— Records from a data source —
--------
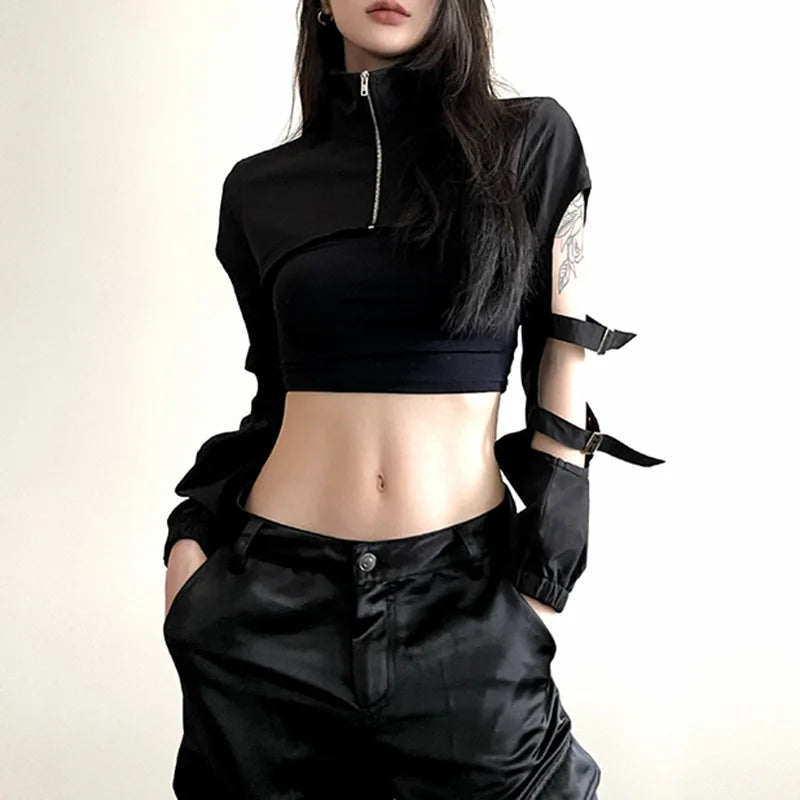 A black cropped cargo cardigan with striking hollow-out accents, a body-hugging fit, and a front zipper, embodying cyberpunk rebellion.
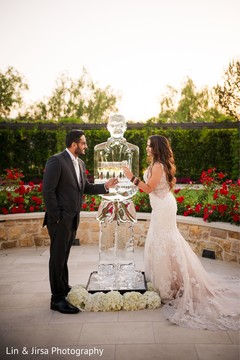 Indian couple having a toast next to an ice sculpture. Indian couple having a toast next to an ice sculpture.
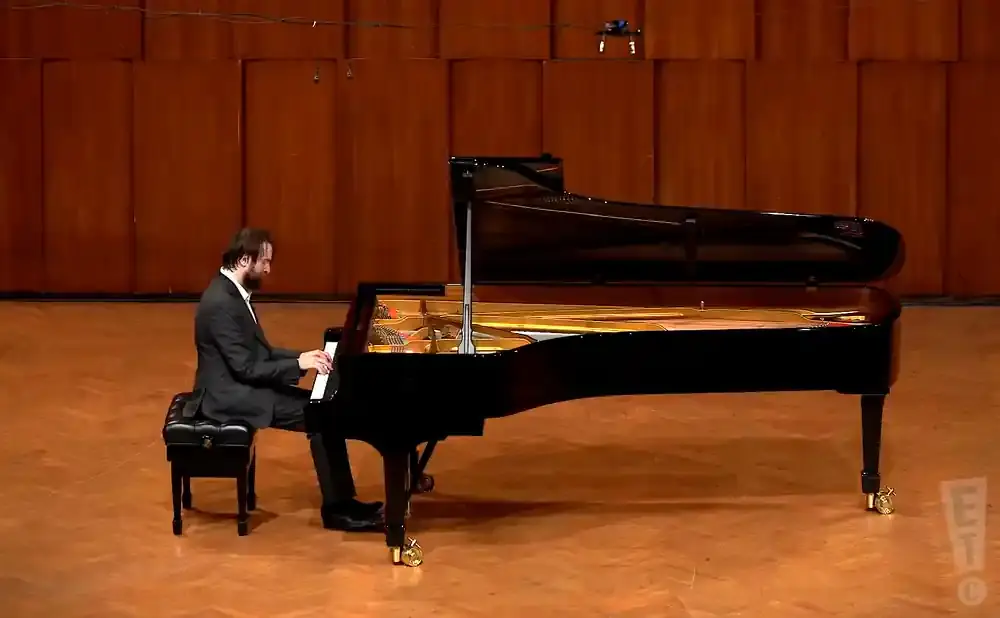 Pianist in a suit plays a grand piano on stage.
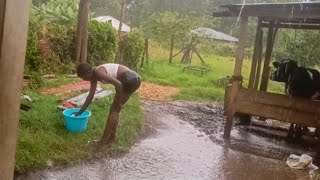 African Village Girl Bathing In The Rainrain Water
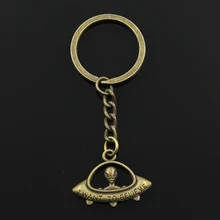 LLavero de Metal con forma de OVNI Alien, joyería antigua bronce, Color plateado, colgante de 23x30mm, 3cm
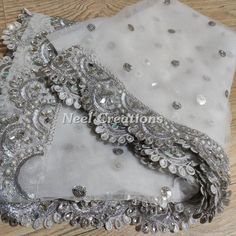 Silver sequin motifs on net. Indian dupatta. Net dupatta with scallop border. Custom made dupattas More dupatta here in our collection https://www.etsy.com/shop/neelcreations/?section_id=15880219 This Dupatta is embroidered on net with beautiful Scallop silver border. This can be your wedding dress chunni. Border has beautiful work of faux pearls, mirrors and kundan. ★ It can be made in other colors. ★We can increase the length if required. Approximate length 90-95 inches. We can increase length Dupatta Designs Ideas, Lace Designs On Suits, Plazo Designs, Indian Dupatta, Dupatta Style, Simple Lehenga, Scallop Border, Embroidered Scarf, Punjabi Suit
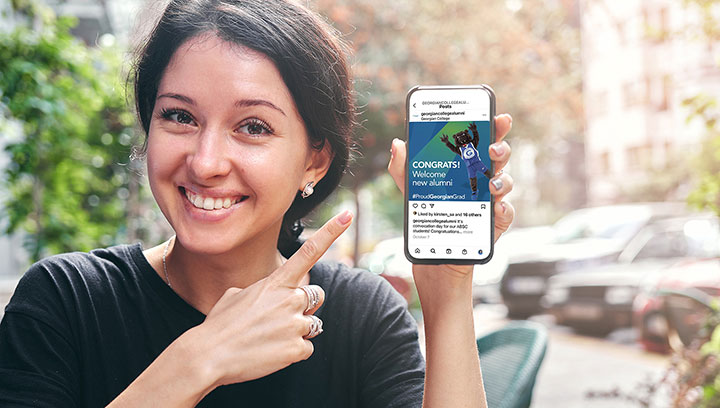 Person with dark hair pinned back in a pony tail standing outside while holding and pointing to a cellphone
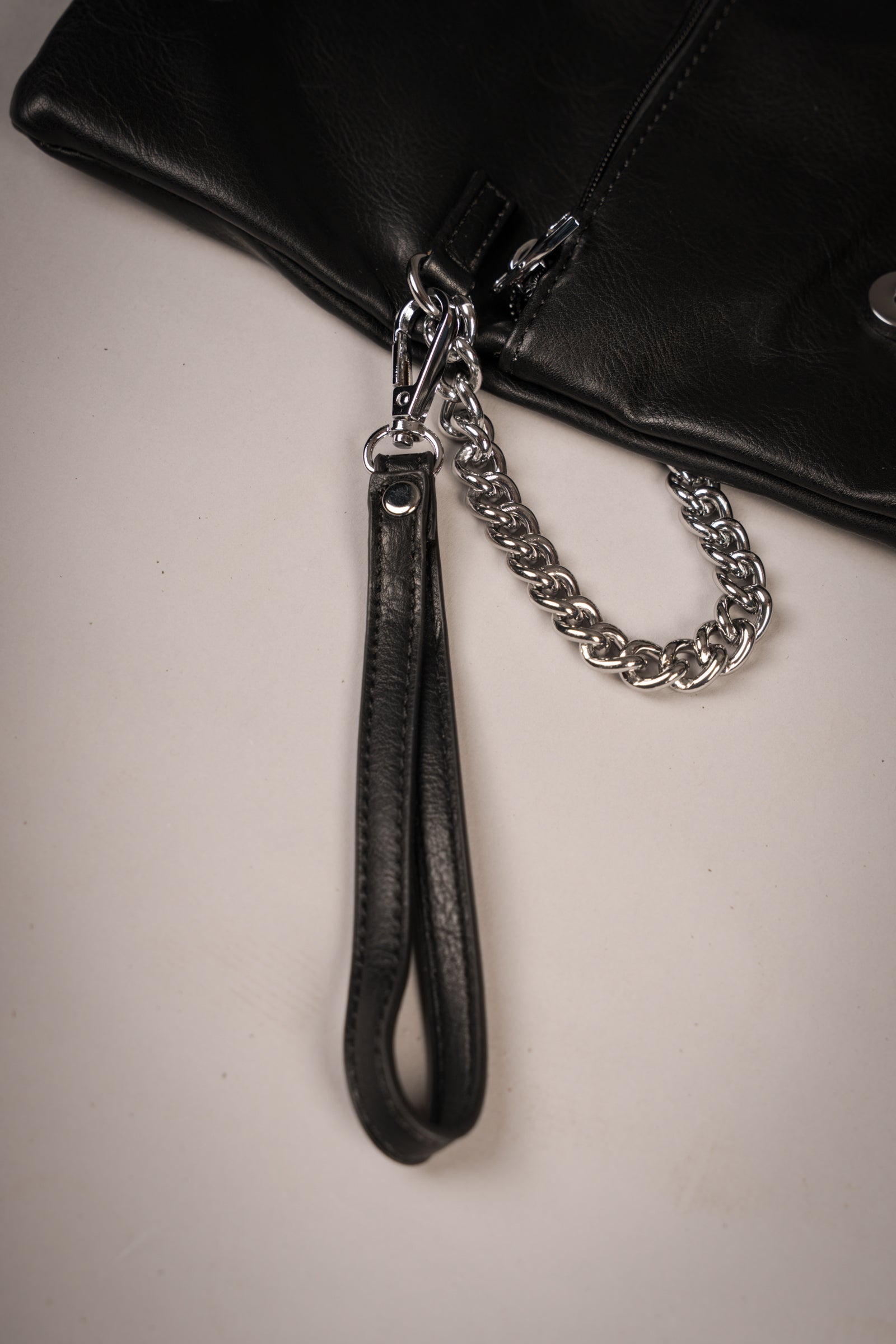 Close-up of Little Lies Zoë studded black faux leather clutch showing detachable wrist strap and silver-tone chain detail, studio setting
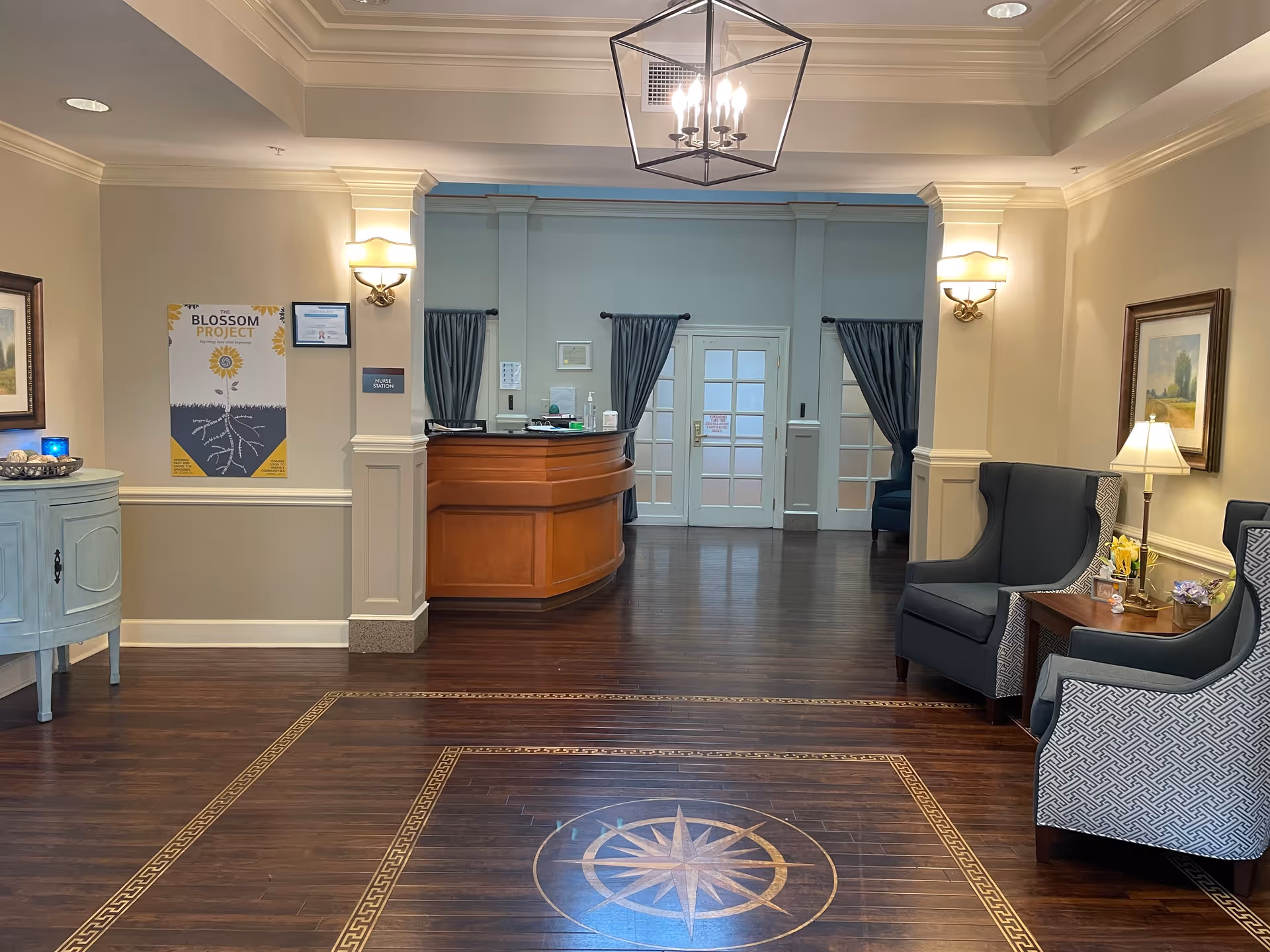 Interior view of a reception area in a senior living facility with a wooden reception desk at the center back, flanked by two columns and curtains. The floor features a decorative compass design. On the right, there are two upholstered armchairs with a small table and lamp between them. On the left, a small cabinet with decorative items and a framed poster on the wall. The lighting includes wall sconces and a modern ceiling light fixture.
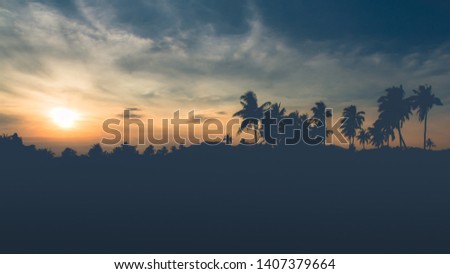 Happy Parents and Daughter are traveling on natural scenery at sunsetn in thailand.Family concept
--------
— ASSIGNED TASK —
Quote only what lies between the first line of the records and the line containing "Pianist in a", please, including both lines and excluding images.

— RESULT OF THIS TASK —
 A black cropped cargo cardigan with striking hollow-out accents, a body-hugging fit, and a front zipper, embodying cyberpunk rebellion.
 Indian couple having a toast next to an ice sculpture. Indian couple having a toast next to an ice sculpture.
 Pianist in a suit plays a grand piano on stage.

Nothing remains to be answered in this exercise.